Temps de lecture estimé 6 minute(s)

Comment être solidaire pendant les vacances ?
© Jean-Marie RAYAPEN SPF

Sommaire

Il y a toutes sortes de façons d’être solidaires pendant ses vacances. Si on pense spontanément au bénévolat, la solidarité peut aussi passer par ses choix de consommation. Petit tour d’horizon.

Si les vacances représentent pour beaucoup une parenthèse, elles peuvent aussi être l’occasion de prolonger les actes de solidarité. En la matière, les Français sont solidaires.

« L’inflation et les difficultés de pouvoir d’achat n’ont pas fait disparaître la solidarité. Elles semblent au contraire renforcer la conscience des difficultés vécues par les autres. Si tous ne peuvent pas aider financièrement, beaucoup choisissent de s’engager autrement, notamment en donnant de leur temps, analyse Corinne Makowski, secrétaire nationale en charge des solidarités au Secours populaire français. C’est ce que nous constatons au Secours populaire, avec une hausse du nombre de bénévoles ces dernières années, ainsi qu’à travers notre baromètre annuel (1). Il montre qu’environ 65 % des Français chaque année se disent prêts à agir pour aider les autres ».

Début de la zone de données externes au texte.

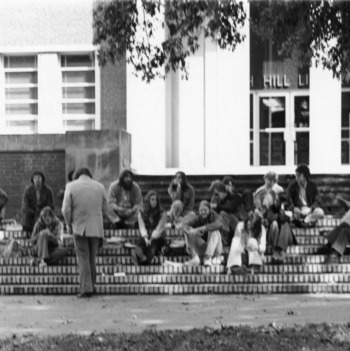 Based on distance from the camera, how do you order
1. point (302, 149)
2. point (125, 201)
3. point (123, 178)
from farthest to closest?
1. point (302, 149)
2. point (125, 201)
3. point (123, 178)

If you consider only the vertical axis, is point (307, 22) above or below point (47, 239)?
above

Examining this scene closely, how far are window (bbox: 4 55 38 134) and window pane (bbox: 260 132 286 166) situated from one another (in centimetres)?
604

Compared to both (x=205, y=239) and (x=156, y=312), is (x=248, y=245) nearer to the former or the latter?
(x=205, y=239)

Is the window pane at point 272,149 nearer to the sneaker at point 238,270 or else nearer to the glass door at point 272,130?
the glass door at point 272,130

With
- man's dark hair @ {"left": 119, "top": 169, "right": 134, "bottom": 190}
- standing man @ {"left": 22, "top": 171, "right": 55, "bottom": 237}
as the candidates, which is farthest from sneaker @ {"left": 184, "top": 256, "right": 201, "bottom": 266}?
standing man @ {"left": 22, "top": 171, "right": 55, "bottom": 237}

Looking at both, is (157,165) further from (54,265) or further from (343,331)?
(343,331)

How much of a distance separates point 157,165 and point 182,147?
1.05 metres

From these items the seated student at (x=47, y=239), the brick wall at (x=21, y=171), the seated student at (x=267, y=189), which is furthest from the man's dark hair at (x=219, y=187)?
the brick wall at (x=21, y=171)

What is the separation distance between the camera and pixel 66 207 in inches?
518

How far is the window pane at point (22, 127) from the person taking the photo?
23.6m

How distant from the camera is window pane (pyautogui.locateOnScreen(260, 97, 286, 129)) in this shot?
83.7ft

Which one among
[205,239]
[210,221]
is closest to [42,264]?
[205,239]

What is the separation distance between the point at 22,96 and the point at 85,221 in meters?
11.3

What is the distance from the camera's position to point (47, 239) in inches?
563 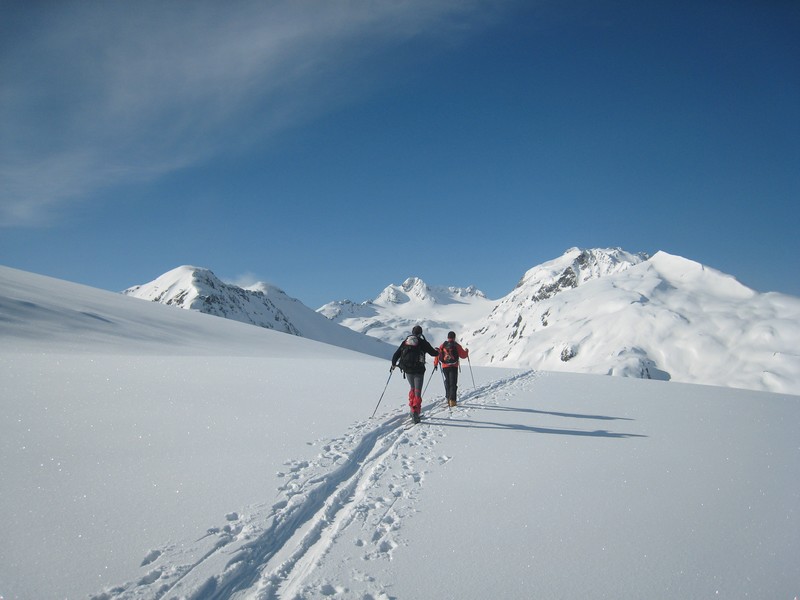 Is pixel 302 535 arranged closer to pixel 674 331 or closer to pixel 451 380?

Un autre manière de faire du tourisme

Comment s’incarne cette solidarité ? « Elle se fait d’abord dans ses choix de consommation concernant son hébergement, ses activités, ses guides touristiques, ses transports, sa restauration, souligne Coralie Marti, directrice de l’ATES, le réseau national du tourisme équitable et solidaire. Et aujourd’hui, les gens veulent savoir où va leur argent, si c’est bénéfique pour le territoire qu’ils visitent, dans quelles conditions travaillent les prestataires. Ils veulent connaître l'envers de la carte postale ». Même si aujourd’hui, cette démarche s’accompagne aussi d’une forte contrainte en termes de pouvoir d’achat. 

Plusieurs possibilités s’offrent alors aux vacanciers solidaires. Ils peuvent privilégier les gîtes, les chambres chez l’habitant, les hôtels indépendants ou une structure de l’économie sociale et solidaire plutôt qu’une chaîne hôtelière internationale ou une plateforme qui pratique l’optimisation fiscale. Favoriser la culture locale, la rencontre avec les habitants, les visites d’artisans ou de vignobles locaux.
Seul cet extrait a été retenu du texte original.